- Dataset excerpt
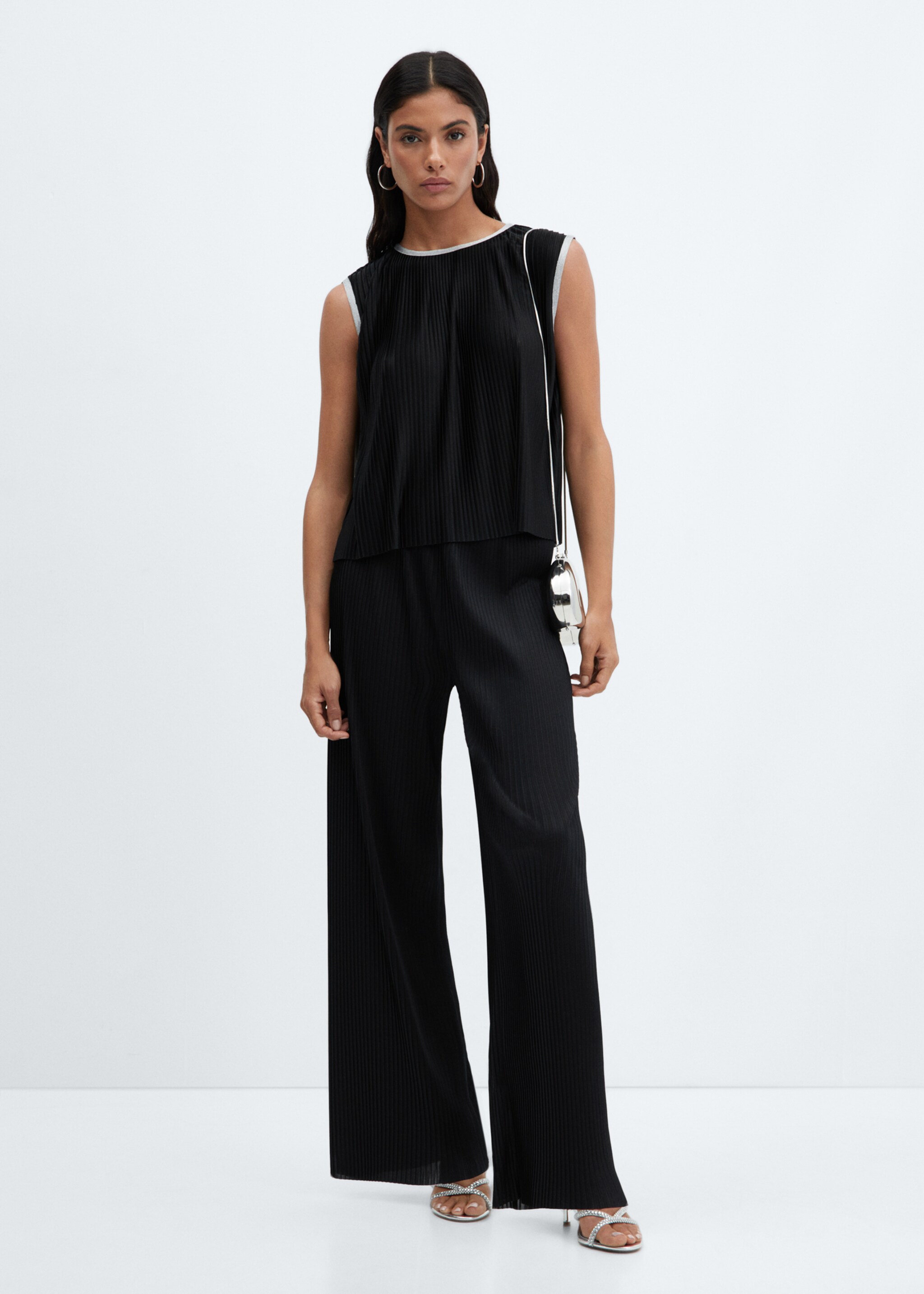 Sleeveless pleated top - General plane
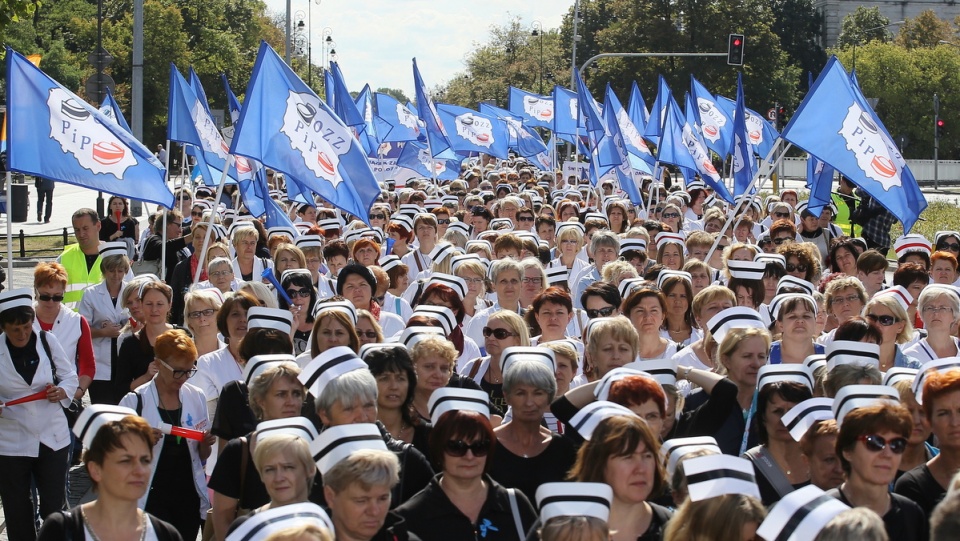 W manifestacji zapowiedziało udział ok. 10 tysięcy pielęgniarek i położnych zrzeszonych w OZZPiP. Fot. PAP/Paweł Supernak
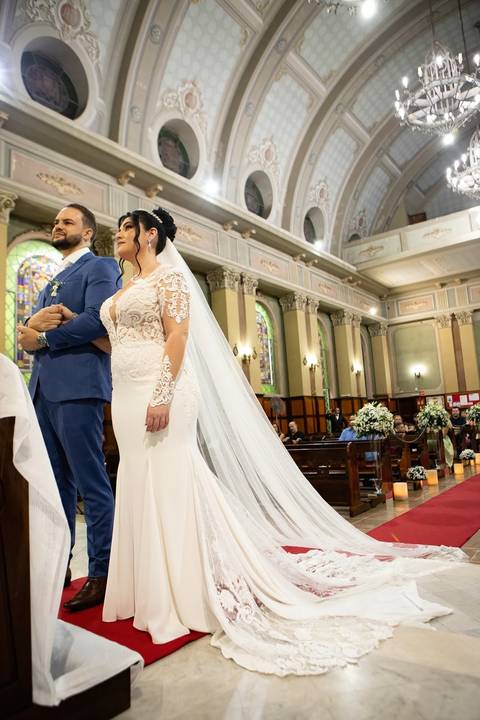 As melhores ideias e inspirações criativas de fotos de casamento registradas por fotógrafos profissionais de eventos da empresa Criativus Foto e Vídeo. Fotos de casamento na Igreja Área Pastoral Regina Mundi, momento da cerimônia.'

- Activity
Since the pictures are not wanted, give the material again exactly without them.

- Your solution
 Sleeveless pleated top - General plane
 W manifestacji zapowiedziało udział ok. 10 tysięcy pielęgniarek i położnych zrzeszonych w OZZPiP. Fot. PAP/Paweł Supernak
 As melhores ideias e inspirações criativas de fotos de casamento registradas por fotógrafos profissionais de eventos da empresa Criativus Foto e Vídeo. Fotos de casamento na Igreja Área Pastoral Regina Mundi, momento da cerimônia.'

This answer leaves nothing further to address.